Hteiktin Pu (ထိပ်တင်ပု, c. 1813 – 1882), commonly known as Prince of Pyinzi, was a royal prince during the late Konbaung dynasty in Burma, especially famous for composing classical Mahāgīta songs.

==Biography==
Hteiktin Pu was born in about 1813 to the Prince of Toungoo, a younger brother of King Bagyidaw, and Princess of Tagaung.

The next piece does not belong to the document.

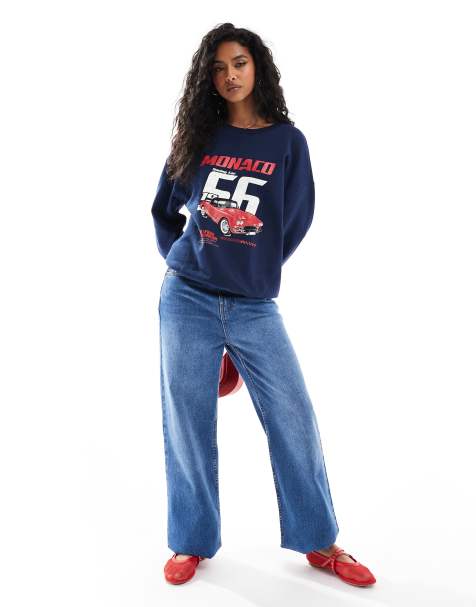 ASOS DESIGN - Felpa blu navy con grafica di auto - view 1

Hteiktin Pu received the appanage of Myingun with the title of Maha Siri Dhammaraja during the reign of King Tharrawaddy, and the appanage of Pyinzi with the title of Su Siri Maha Dhammaraja during King Mindon.

Hteiktin Pu died in 1882.

==Works==
Among the five Pyinzi princes of the Konbaung dynasty, those who showed the most interest in Mahāgīta were Maung Naga and Hteiktin Pu. Although they both composed Mahāgīta songs, no Mahagita books described clearly which songs were written by which Prince of Pyinzi.

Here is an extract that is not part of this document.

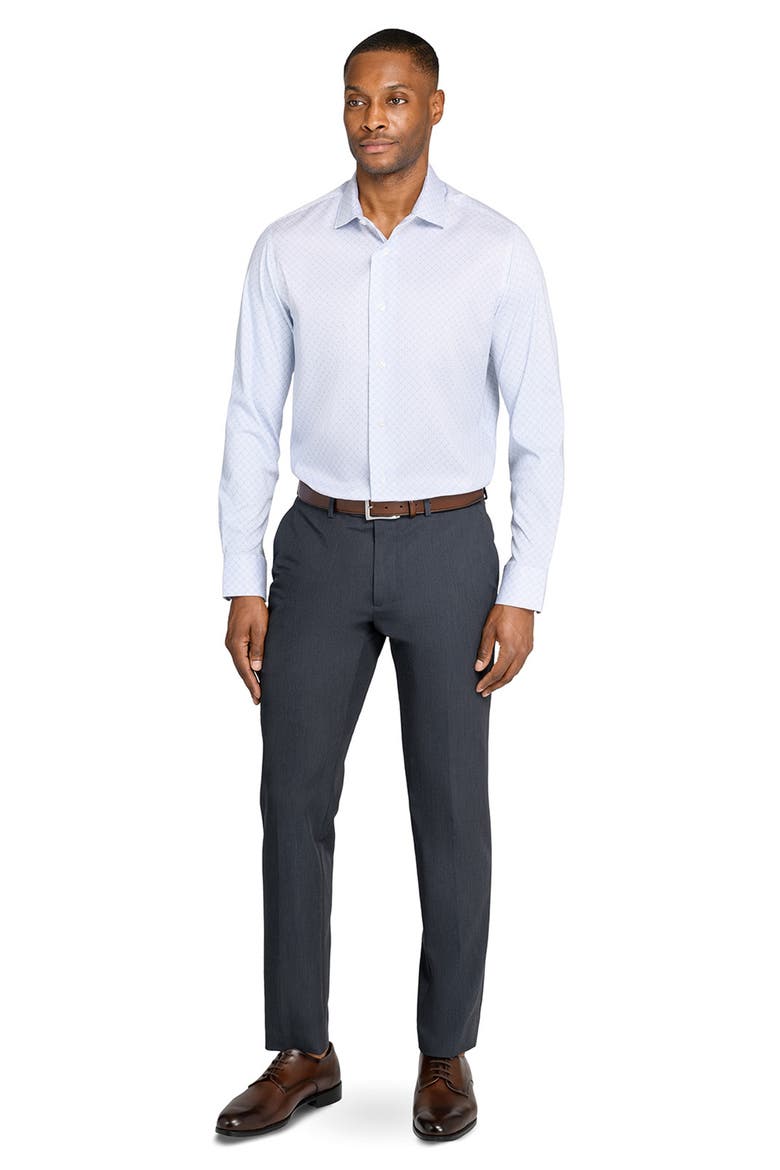 Cross Geo Print Reworked Dress Shirt, Alternate, color, WHITE/ BLUE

The famous Mahāgīta songs Hteiktin Pu composed were:
- Myan Char Mye Ko patpyoe (မြန်ချာမြေကို ပတ်ပျိုး)
- Celebration song of Mandalay started with Mingalar Thiri Mye Myatswa (မင်္ဂလာသီရိမြေမြတ်စွာ အစချီ မန္တလေးမြို့ဘွဲ့)
- Taung Zambu Paing Thai-adapted song (တောင်ဇမ္ဗူပိုင် ယိုးဒယား)
- Wei Zayantar Nanbon Thai-adapted song (ဝေဇယန္တာနန်းဘုံ ယိုးဒယား).

==Issue==
Hteiktin Pu had three children: Hteiktin Wint, Hteiktin Kyi and Hteiktin Nyo.

King Mindon conferred the title of Minye Thinkayar to Hteiktin Wint in 1882.

Hteiktin Kyi followed her father's footsteps— she also composed Mahagita songs. There were Hteiktin Kyi's eight patpyoes in "Sabba Gitakkama Pasānadī" manuscript.

Hteiktin Nyo published the novel "Dadhivāhana and Pāsādacandi" Volume I in 1906 and Volume II in 1908.